These racial and geographic disparities in urban tree canopy parallel other striking patterns of racialized environmental inequity documented by environmental justice (EJ) research. For more than three decades, EJ researchers have developed an enormous body of evidence highlighting the disproportionate concentration of environmental hazards and burdens in communities of color, and conversely, the privileged access to environmental amenities in predominantly white communities19,20,21,22. More recent waves of this scholarship have begun to explicitly connect racial disparities in environmental “goods” and “bads” to structural racism and discrimination in policy23,24. Institutionalized policies and practices intended to racially segregate (and concentrate wealth in white communities) have been increasingly shown to produce racially uneven landscapes of environmental privilege and risk, even decades later2,25,26,27.

In thinking about urban tree canopy, the space to plant trees is often a legacy of the urban built environment, which in the United States stems from histories of deliberate and systematic racial discrimination in housing and urban development26,28. In 1933, the US Congress created the Home Owners’ Loan Corporation (HOLC) to assist Americans struggling to pay their mortgages in the wake of the Great Depression. To guide lending criteria, the HOLC developed neighborhood appraisal maps for 239 urban areas, ranking the perceived risk of investing in particular neighborhoods using a color-coded scale of “A” (green), “B” (blue), “C” (yellow), and “D” (red)29. Appraisals were based primarily on an area’s demographic characteristics and the age and physical condition of its housing stock. Areas with predominantly U.S.-born, white populations, and newer housing stock were often codified as the “safest” places for banks to invest and were graded “A” and “B.” Meanwhile, areas with somewhat older structures and/or a presence of foreign-born residents were commonly ascribed a “C” grade, while areas with significant numbers of racial and ethnic minorities, foreign-born residents, families on relief, and having older housing were almost always viewed as “hazardous” and given the lowest grade, “D.” The term “redlining” is used because areas graded “D” were shaded red on the HOLC maps. In effect, while race was not the only criterion considered in designating grades, the maps formally embedded race into neighborhood appraisal processes by systematically factoring in the race of an area’s occupants into the perceived long-term value of an area30,31.

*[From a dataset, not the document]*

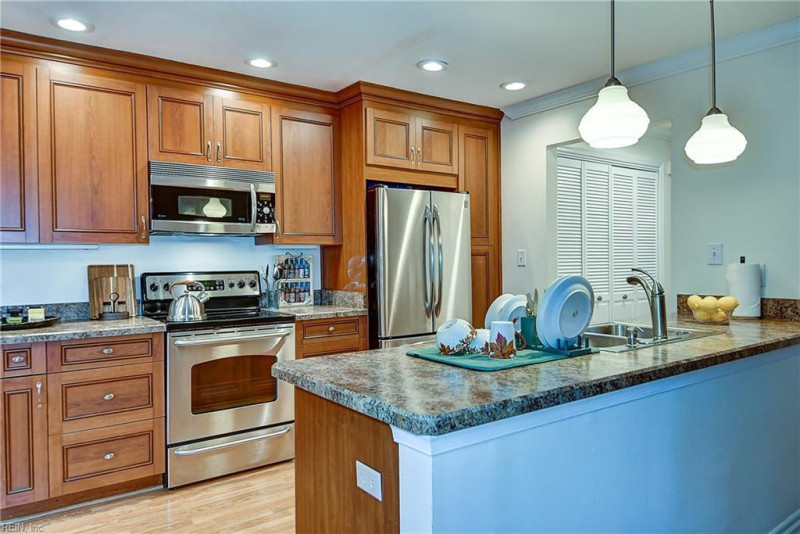 Photo 16 of 44 residential for sale in Virginia Beach virginia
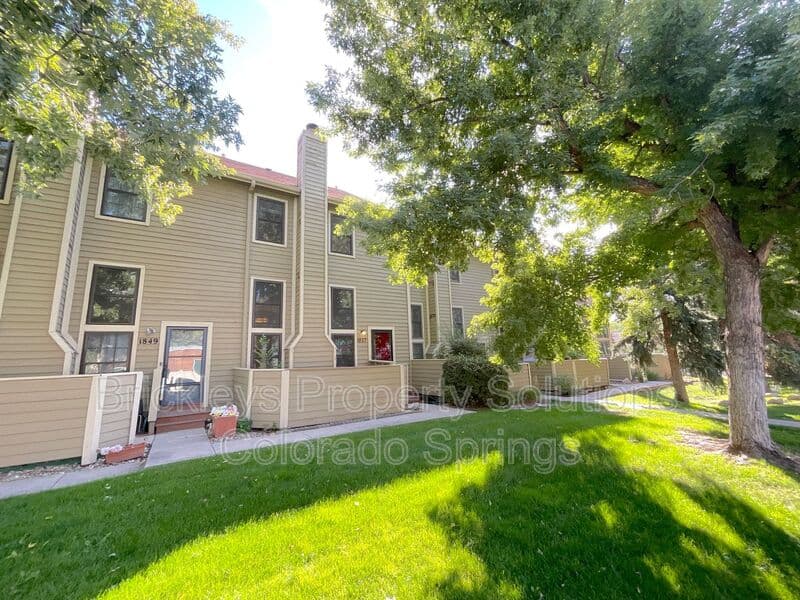 2-bedroom 1.5-bath home at 1857 Lorraine St for $1,800/mo managed by Brickleys Property Solutions Colorado Springs — photo 2 of 29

Some context is important to better understand HOLC’s residential security maps and its practices from 1934 to 1951. While the HOLC created uniform guidelines for neighborhood appraisal, because appraisals were produced in direct consultation with local municipal officials, loan officers, appraisers, and realtors, evidence suggests some variation in the grading across cities32. Still, these agents were familiar with their city’s specific patterns of residential segregation. More importantly, many local actors were already part of the power structures that had created, maintained, or profited from the prevailing racist housing policies and practices. These policies and practices included segregation ordinances, racially-restrictive deed covenants, and zoning plans that promoted their agendas of racial and immigrant exclusion33,34,35,36,37. Thus, the HOLC maps helped codify the local real estate industry’s consensus of perceived neighborhood value, which often institutionalized existing local inequities in borrowers’ access to credit31,38.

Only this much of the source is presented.